Donna has convened the Workforce Working Party under the Northern Territory Aboriginal Health Forum, was Chairperson of the Central Australian Regional Indigenous Health Planning Committee (CARIHPC), a member of the NT Child Protection External Monitoring Committee and jointly headed up the Northern Territory Government’s Alcohol Framework Project Team. She currently sits on the Australian National Council on Drugs (ANCD), the National Indigenous Drug and Alcohol Committee (NIDAC) and at a local level represents Congress on the People’s Alcohol Action Coalition (PAAC).

William Tilmouth (President) was born in Alice Springs and is of Arrernte descent. A member of the stolen generations, William was taken to Croker Island where he lived and attended school with many other children sent there as a result of Government policy of that era. In 1967 he was moved off the mission to Darwin, and in 1969 returned to Alice Springs. He attended the Aboriginal Community College in Adelaide in 1974 and worked in many jobs in South Australia. He returned to Alice Springs in 1980. William has worked in various Government and Aboriginal organisations and was elected the Central Australian ATSIC Regional Chair in the 1980s. From 1988 to 2010 he was the Executive Director of Tangentyere Council.

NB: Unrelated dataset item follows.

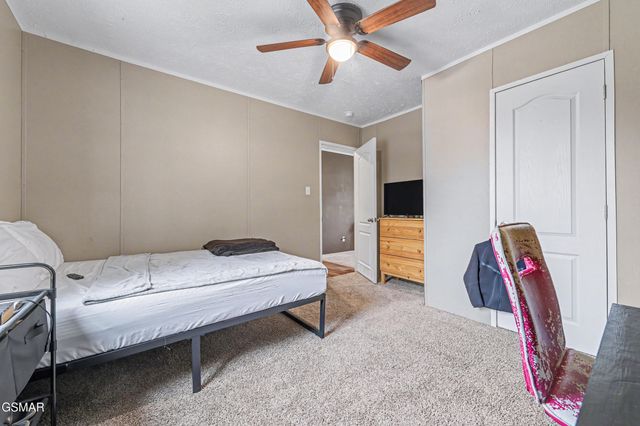 1316 Blue Spruce Way, Newport, TN 37821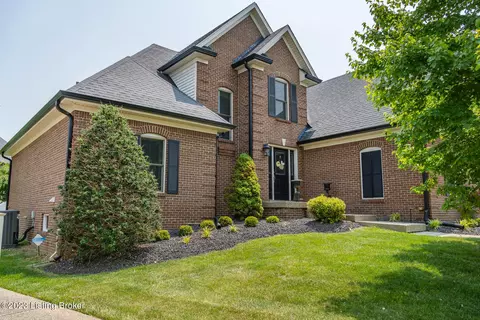 4707 Saratoga Springs Ct, Louisville, KY 40299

William is the current president of the Central Australian Aboriginal Congress Aboriginal Corporation since November 2012 . He is national chair for Children’s ground and is also a board member of centrecorp.
William believes that Aboriginal children and family and communities should have every opportunity to be empowered, and to own and control the decisions that affect them. He is now semi retired.

Dr John Boffa qualified as a medical practitioner in the mid-1980s. He has worked in central Australia since 1988, at the Anyinginyi Congress Aboriginal Health service in the Tennant Creek – Barkly region and since 1994 at CAAC in Alice Springs. He is deeply committed to evidence-based alcohol reforms, especially through supply reduction. He is a strong advocate for improving the lives of Aboriginal children through early learning and maternal health programs.